Washington, DC…the nation’s capital is known for two things: the central location of the most powerful government officials and buildings…and obscenely high crime rates. The disparity that you see between SE DC and Capitol Hill is probably the closet example to the difference between the “city” and the village…just think much more extreme.
There is an enormous air of “them” and “us” here in Ghana. The city dwellers speak of bringing themselves down to “their” level when discussing
likely forced interaction between the two subcultures. Often going out of their way to make sure that the distinction is very clear between the two. Despite this separaion…..in Ghana, we identify ourselves not only by tribe or clan but by where we “come from”. Everyone is from a village. Even if our family hasn’t lived there for generations….we are all identified by the village that our mother or father’s parents or grandparents or great-grandparents came from. Much of the well to do own land in their village and often build homes or have farms in their village. Nevertheless…they are the first to draw the very thick line of “them” and “us”.
For the most part, I lived in the city and commuted to the villages I worked in throughout my time in Ghana. There were soooo many interesting and seemingly noteworthy observations I made during my field work. Be it the school children who no matter what stopped and greeted every adult that they came across or the tremendous sense of community…it was all of great interest to me. When I told people back in the city many weren’t too surprised or said that it happened everywhere in Ghana. But as I said in my previous post the momentum and rapid change is happening faster than I think most people realize. In Accra, people aren’t bothered with saying hello and the sense of community is disappearing. They’re truly beginning to “live like Americans” (a phrase I’ve heard one too many times). They don’t know their neighbors and certainly have not built a fellowship with them like they have in the village.
Contrapositvely, there were stories I told of extreme gender roles where men dominated everything and women were the perfect example of extreme submission and the city dwellers immediately responded with “things are changing”. Even if things are changing, which they most definitely are, looking at the future and ignoring the present is not the way to go about social change.
We tend to see these kind of situations in our own lives where perceived negatives aren’t really present anymore and perceived positives are ever present without an end in sight. This disconnect, however, in regards to development and health are probably one of the greatest barriers in closing the disparity.

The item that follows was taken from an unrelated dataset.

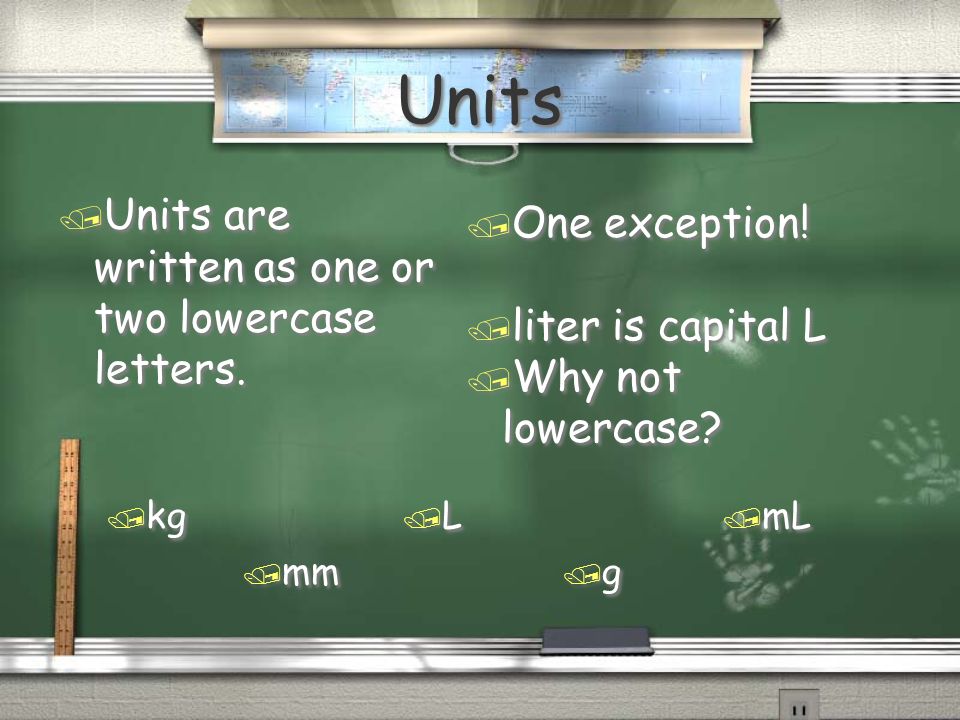 Units / Units are written as one or two lowercase letters.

With greats like Kwame Nkrumah in cultural archives many people have a natural affinity for looking back at his visionary leadership for guidance on what to do now. As a result there many other who reject those dwelling in the past and feel strongly that we need to look forward and progress. In both of these schools of thought…the present is missing. Few people are interested in the cross-sectional approach of looking at exactly what is going on now in Ghana. More importantly, it seems that some aren’t willing to put forth the work in the present to work towards a greater future. For those people, it’s just much easier to complain about the situation. We alllllllll know these kinds of people, no matter where we are in the world.

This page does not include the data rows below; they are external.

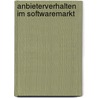 Anbieterverhalten im Softwaremarkt door Jochen Siegert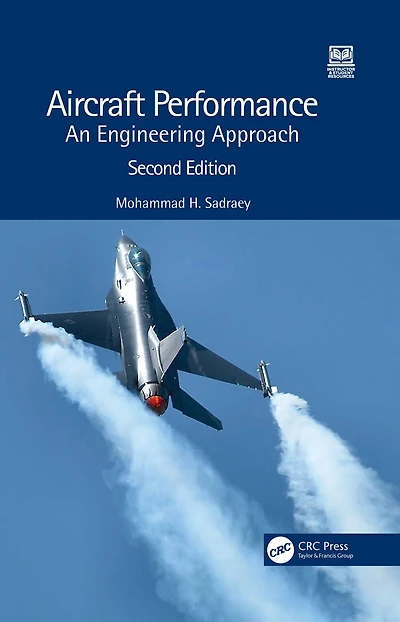 Aircraft Performance: An Engineering Approach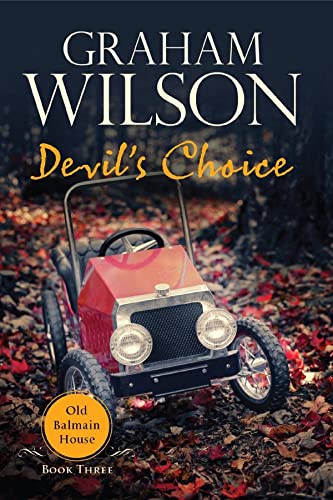 Devil's Choice (Old Balmain House Book 3)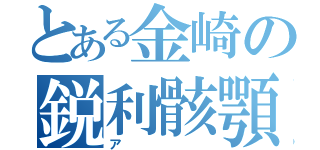 とある金崎の鋭利骸顎（ア）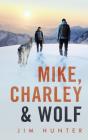 Mike, Charley & Wolf - Preview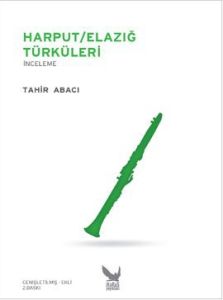 Harput / Elazığ Türküleri                                                                                                                                                                                                                                      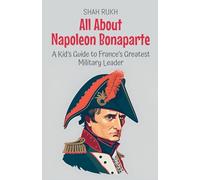 All About Napoleon Bonaparte: A Kid's Guide to France's Greatest Military Leader: 33 (Knowledge Books for Kids)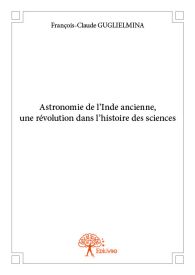 Astronomie de l'Inde ancienne, une révolution dans l'histoire des sciences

Out of over 230 people that I interviewed, less than 10 people were able to sign their names, although the vast majority of them had gone through at least junior high school. When I came and told graduate ghanaian students at the University of Ghana….the majority of them were shocked. At least 4 of the villages that I went to were less than an hour away and there are several villages much closer to the school. I write all of this to say that many of the future leaders are the graduate and undergraduate students of today. Yet despite access to relatively important communities of interest…few have true understanding of the confines of the reality that the villagers live within.

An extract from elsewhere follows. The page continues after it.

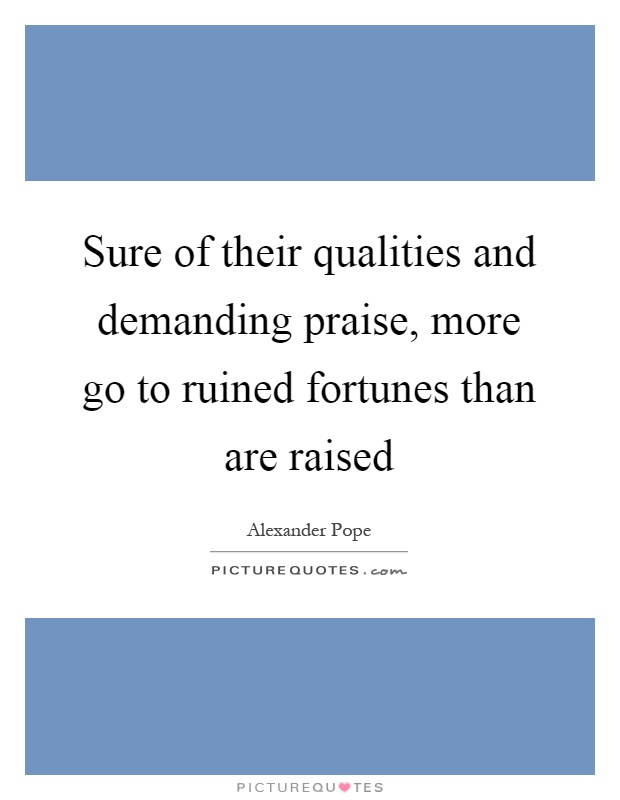 Sure of their qualities and demanding praise, more go to ruined fortunes than are raised Picture Quote #1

I dare not say that after a few days in a village I have deeper and and more broad understanding of a nation that citizens grew up in……but I am boldly saying that there is an obvious and serious disconnect between “them” and “us” and the momentum of the city and [seemingly] stagnation of the village. It is my sincere hope that Ghanaians, especially the younger ones (in Ghana and abroad), take time to gain a better understanding of the state of the nation in it’s entirety. Not focusing solely on the village or the city…the south or the north but rather one cohesive Ghana..for it is us who will inherit the land, policy, and consequences of the leaders’ action [or lack thereof] today…and us who will build upon previous generations’ work for the generations that come.
This man begged me to take his picture in Akuapim, Atwima, Ghana
I’ll call this tree a wisdom tree and I believe as an elder in the community it’s appropriate that he’s sitting on it.
You’ve gotta believe in something…
My supervisor here asked me about a month ago why I chose global health and went on to ask me why I chose Ghana. The question was rather unexpected and left me momentarily without a response. However, after a few minutes of reflection I began to try and answer the first question.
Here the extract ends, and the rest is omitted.